### Exercise brief
For the records below, please print exactly and only the lines from the one with "Книга учета, 96" down to the one with "Desigual muške kratke", both ends included, omitting the pictures.

### Provided entries

▬▬▬▬▬▬

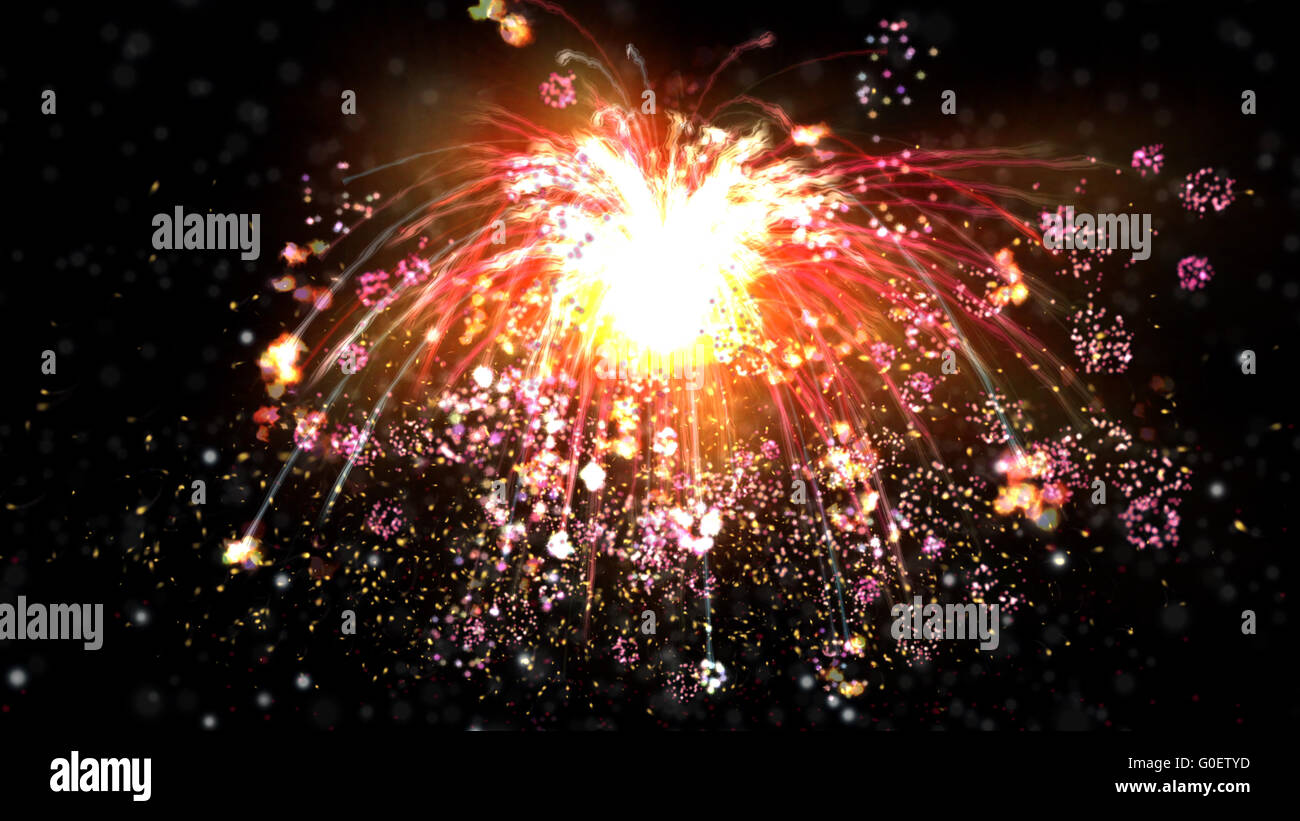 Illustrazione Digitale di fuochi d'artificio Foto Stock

▬▬▬▬▬▬

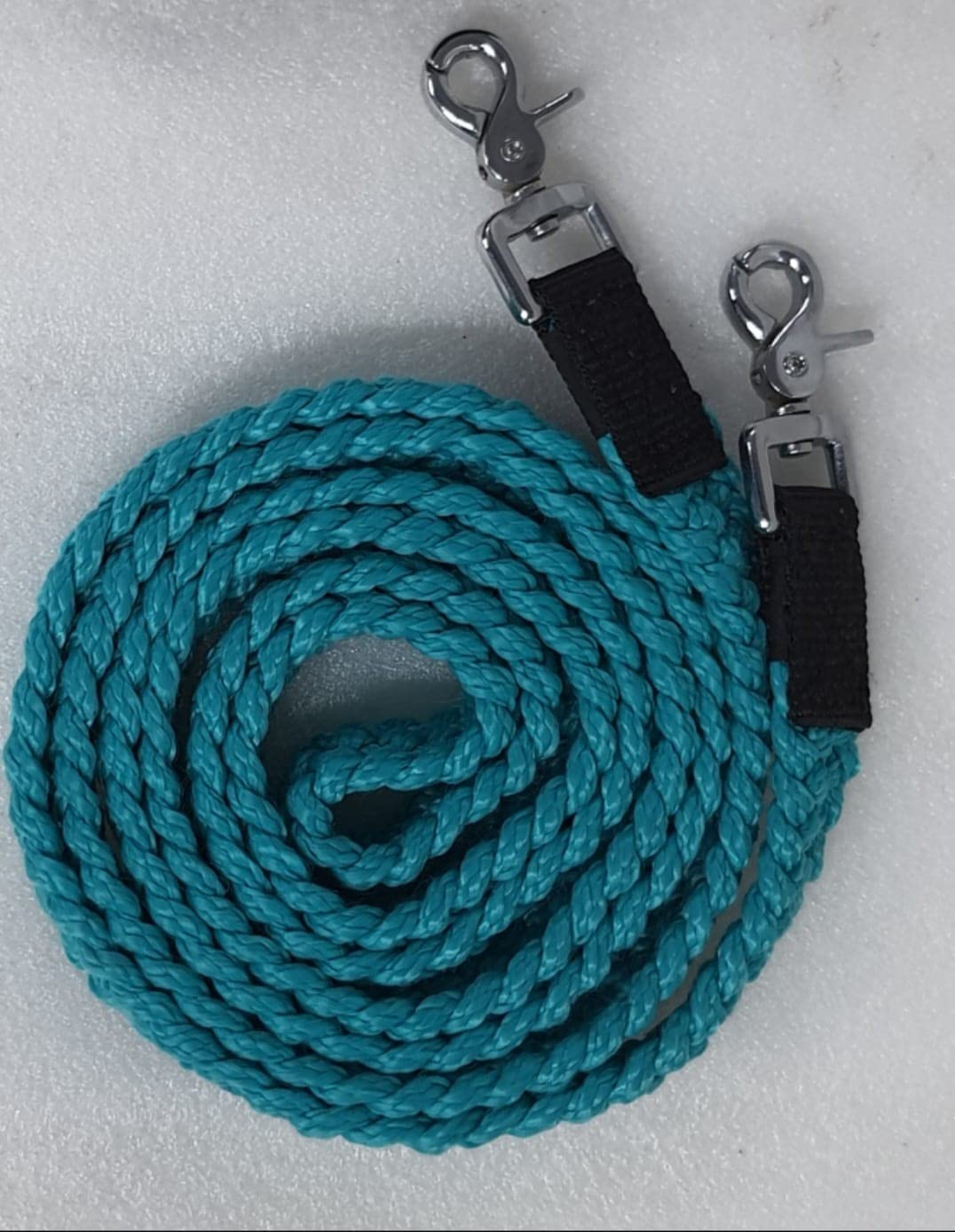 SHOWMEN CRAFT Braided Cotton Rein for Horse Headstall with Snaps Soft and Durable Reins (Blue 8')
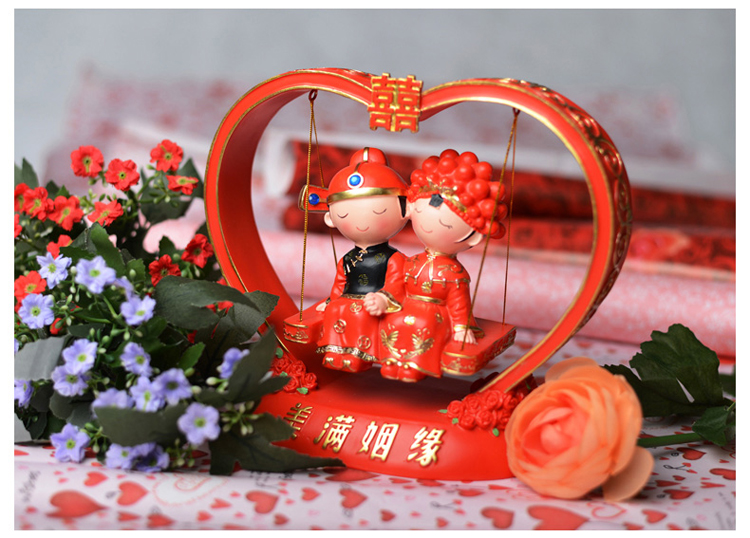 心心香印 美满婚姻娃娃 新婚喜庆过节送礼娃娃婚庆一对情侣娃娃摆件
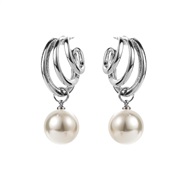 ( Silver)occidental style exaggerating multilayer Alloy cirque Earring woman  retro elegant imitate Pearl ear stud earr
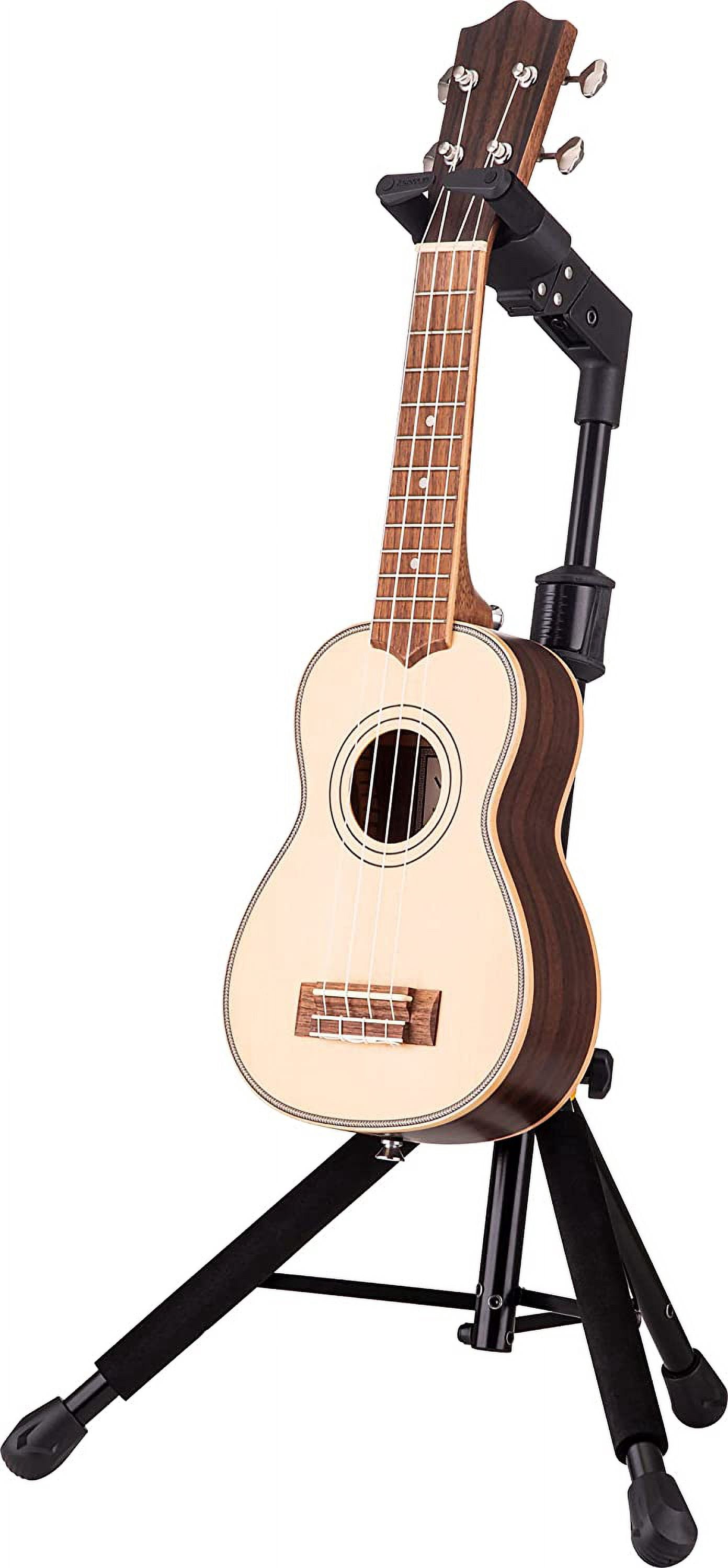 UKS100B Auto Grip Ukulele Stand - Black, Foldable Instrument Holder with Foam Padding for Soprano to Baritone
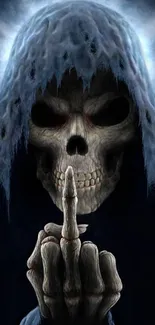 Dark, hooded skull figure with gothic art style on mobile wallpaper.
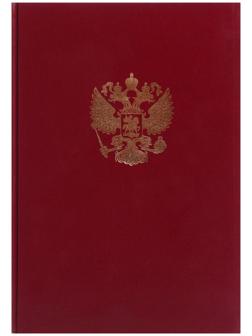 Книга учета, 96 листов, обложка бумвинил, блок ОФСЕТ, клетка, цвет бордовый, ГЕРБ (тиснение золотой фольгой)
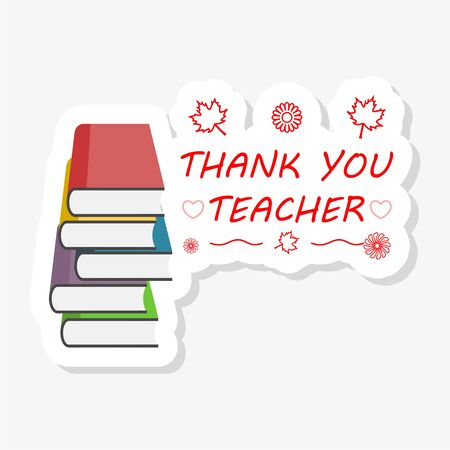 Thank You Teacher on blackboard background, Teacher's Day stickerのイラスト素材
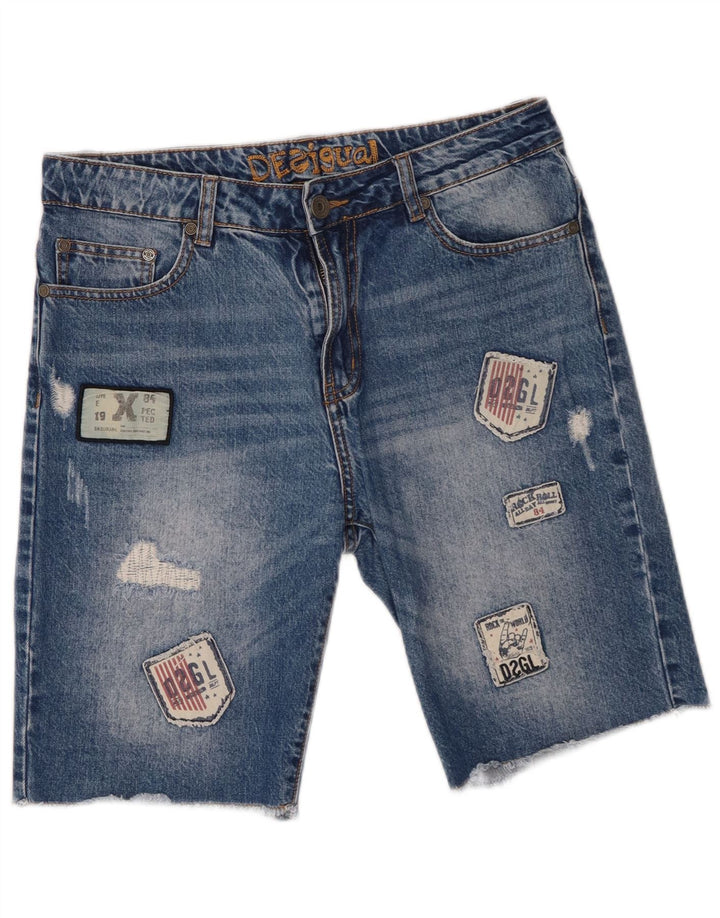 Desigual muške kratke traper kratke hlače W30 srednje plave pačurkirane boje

▬▬▬▬▬▬

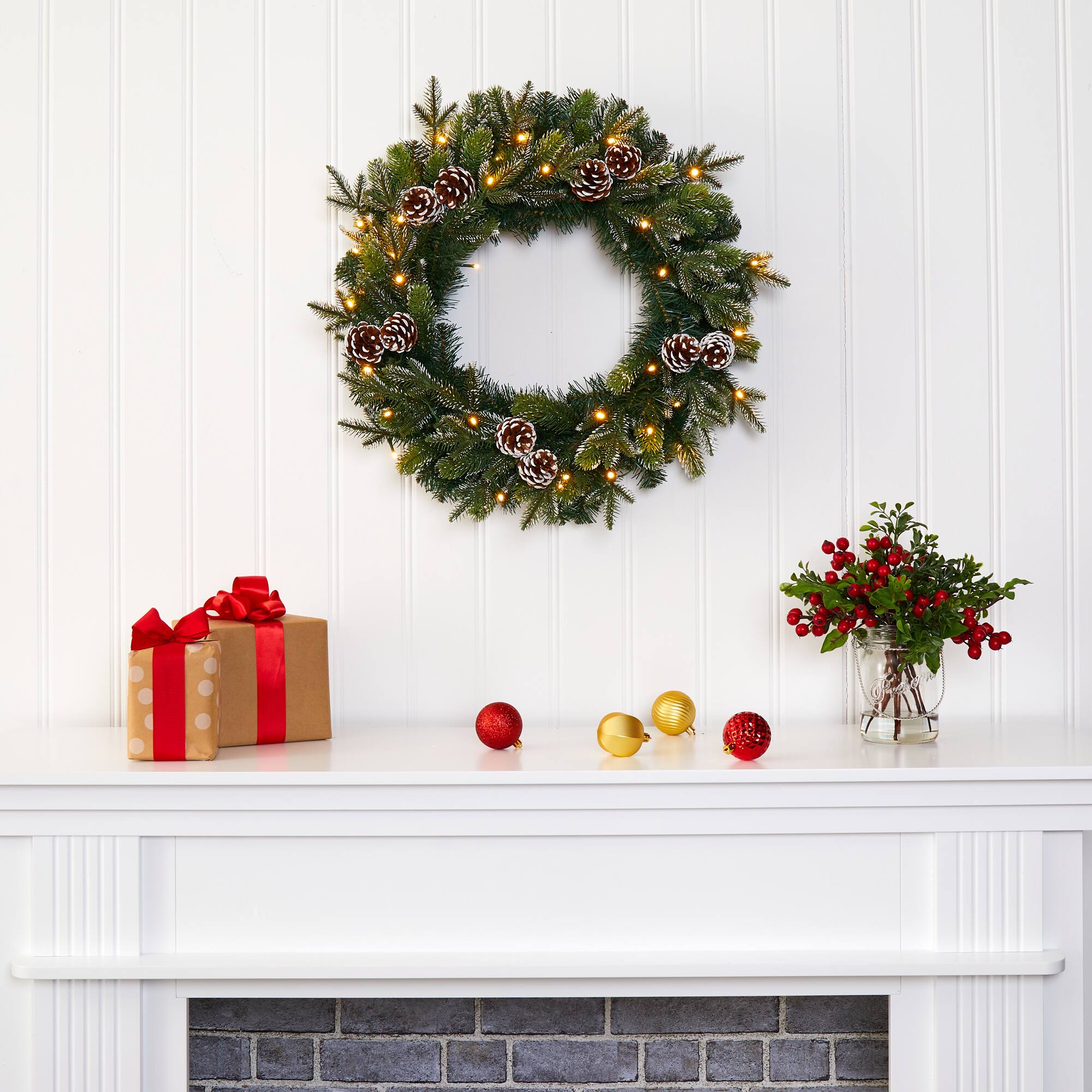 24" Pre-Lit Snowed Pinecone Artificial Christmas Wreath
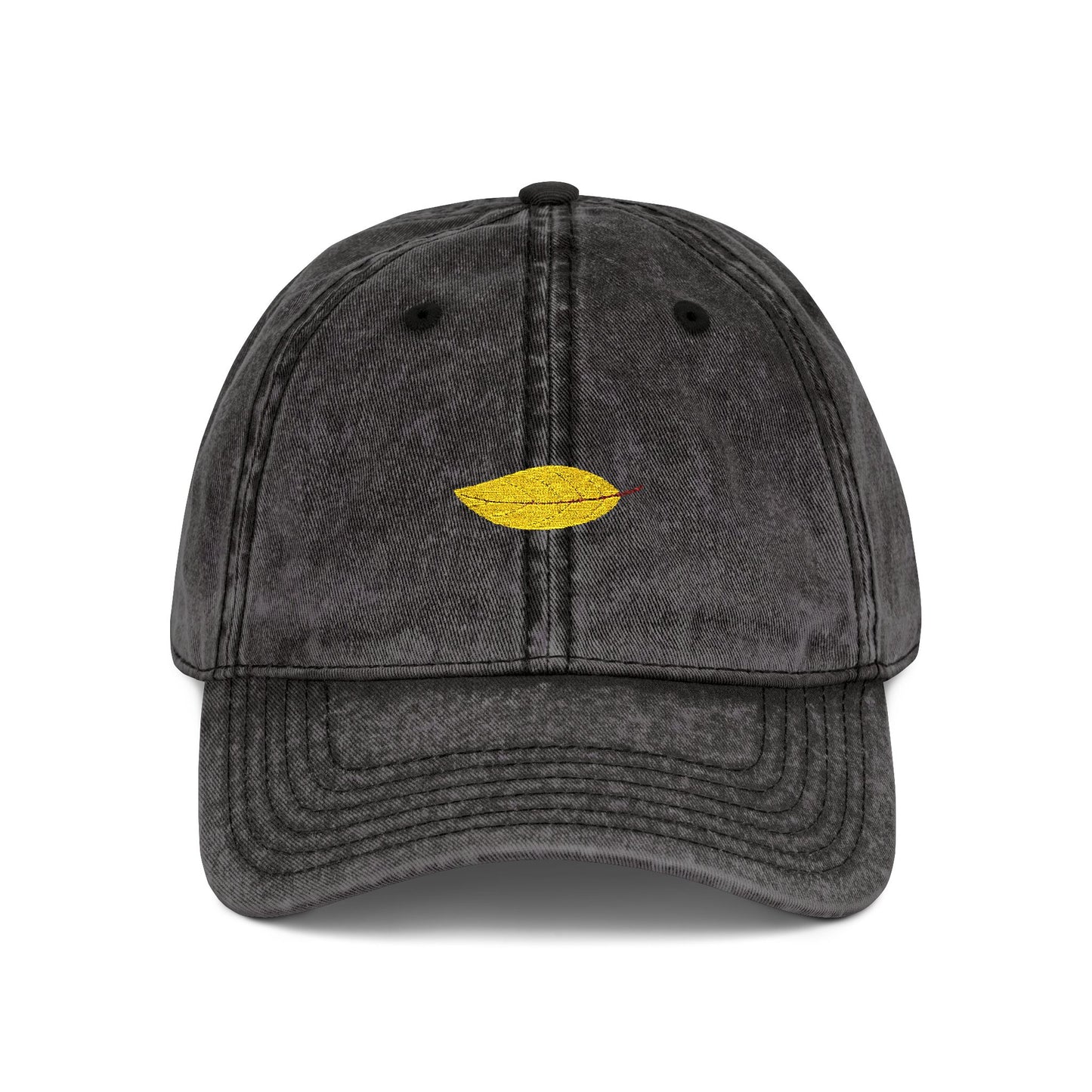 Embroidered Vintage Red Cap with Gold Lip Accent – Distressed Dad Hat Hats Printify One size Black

▬▬▬▬▬▬

### Written answer
 Книга учета, 96 листов, обложка бумвинил, блок ОФСЕТ, клетка, цвет бордовый, ГЕРБ (тиснение золотой фольгой)
 Thank You Teacher on blackboard background, Teacher's Day stickerのイラスト素材
 Desigual muške kratke traper kratke hlače W30 srednje plave pačurkirane boje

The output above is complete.